Photo from IEEFA

Expert casts doubt on carbon capture for steel

An Institute for Energy Economics and Financial Analysis report poses the question on whether companies should stick with CCUS or shift to evolving alternatives.

Despite being around for 50 years and supported at the 2023 COP28 climate conference, carbon capture utilisation and storage (CCUS) continued to underperform.

Citing Bloomberg New Energy Finance (BNEF), the Institute for Energy Economics and Financial Analysis (IEEFA) said in its “Carbon Capture for Steel?” report that CCUS only captures 0.1% of global emissions.

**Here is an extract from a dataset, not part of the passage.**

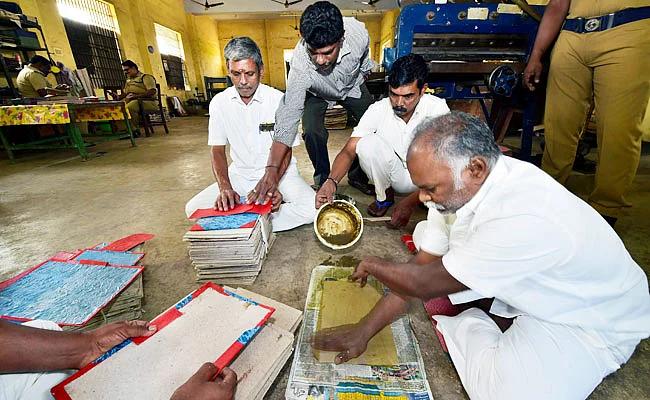 TN Jail Prisoners Are Turning Demonetised Notes Into Stationary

IEEFA also noted that out of 13 large-scale CCUS projects, five underperformed, two were suspended, one was mothballed, and two did not provide data that allowed performance to be assessed.

Given this situation, should capital still be allocated in CCUS?

According to Simon Nicholas, lead analyst for the global steel sector at IEEFA, it may be time for investors to get involved.

“I think any investor in a steel company should be questioning that company if they are intending to put large amounts of capital into CCUS,” he told Manufacturing Asia in an interview. “I just don’t think it's a good solution. Even the small scale, pilot scale projects we’ve seen in Europe have been expensive and captured very few emissions.”

Nicholas also said it looks “increasingly unrealistic that CCUS is going to evolve.”

One of the factors affecting the performance of CCUS is the cost of installing this technology. IEEFA noted that whilst the cost of alternatives – like renewable energy and battery storage – plunged, the price to implement carbon capture hardly reduced in 40 years.

The costly implementation of CCUS can be associated with the uniqueness of each project, Nicholas said.

“There’s no turnkey solution, which you can fit to any project. Each project is different. It’s faced with different geology, different problems, different risks, different conditions, which makes it slow to implement and also keeps the cost high,” he explained.

The expert said proponents have said what is needed is a significant carbon price. However, he noted that there is a significant carbon price in Europe which is not enough to encourage more projects on a commercial scale.

The IEEFA report also said that out of the combined 392 projects, only four are in the steel sector, including the operational Al Reyadah project in the United Arab Emirates. Three of these are for direct reduced iron-based (DRI) steel plants, not for blast furnace-based steelmaking which is the dominant and most carbon-intensive process.

DRI-based steel making can run on green hydrogen with very low emissions, the report noted.

“If steel CCUS cannot advance in Europe where there is a significant carbon price, it cannot be expected to make headway in developing Asia, the seat of major steel demand growth,” the IEEFA pointed out.

Defining green steel

According to IEEFA, tighter definitions of what “green steel” it to be expected soon. This may put manufacturers implementing this technology at risk because steel produced this way may not be qualified as such.

Another risk they are likely to face is consumers not wanting coal involved in their supply chains at all.

Nicholas said the German steel industry has recently been setting their standard, but establishing a global one will be complicated.

“It’s hard to get one definition that covers all cases,” he told Manufacturing Asia. “There will have to be quite a lot of legislation. We’ll probably see competing definitions, but then I imagine that one definition emerges as the benchmark at some point.”

Shifting to alternative

IEEFA said that in the 2021 report of the International Energy Agency (IEA), titled “Net Zero by 2050: A Roadmap for the Global Energy Sector,” CCUS-equipped processes will make up 53% of global primary steel production in 2050. IEA’s Net Zero Emissions by 2050 Scenario said that 670m tonnes of CO2 would be captured from these processes.

The IEA reduced its projection in its 2023 update to 37%, capturing only 399m tonnes by 2050. Meanwhile, hydrogen-based steelmaking increased to 44% from 29%.

The IEEFA expects IEA will continue decreasing the role it expects CCUS will play in steel decarbonisation.

Nicholas said that DRI-based steel making and electric arc furnaces are being targeted in Europe.

India, a major market for steel, may lag behind since most of its planned capacity expansion is for blast furnace-based steel making, he noted.

Nicholas said that from an energy security perspective, “it is in India’s interests to start developing its own green hydrogen production for steel making.”

“India will be the place to produce green hydrogen because energy is already very cheap in India. So the replacement of blast furnaces with green hydrogen will probably be quicker than people expect,” he said.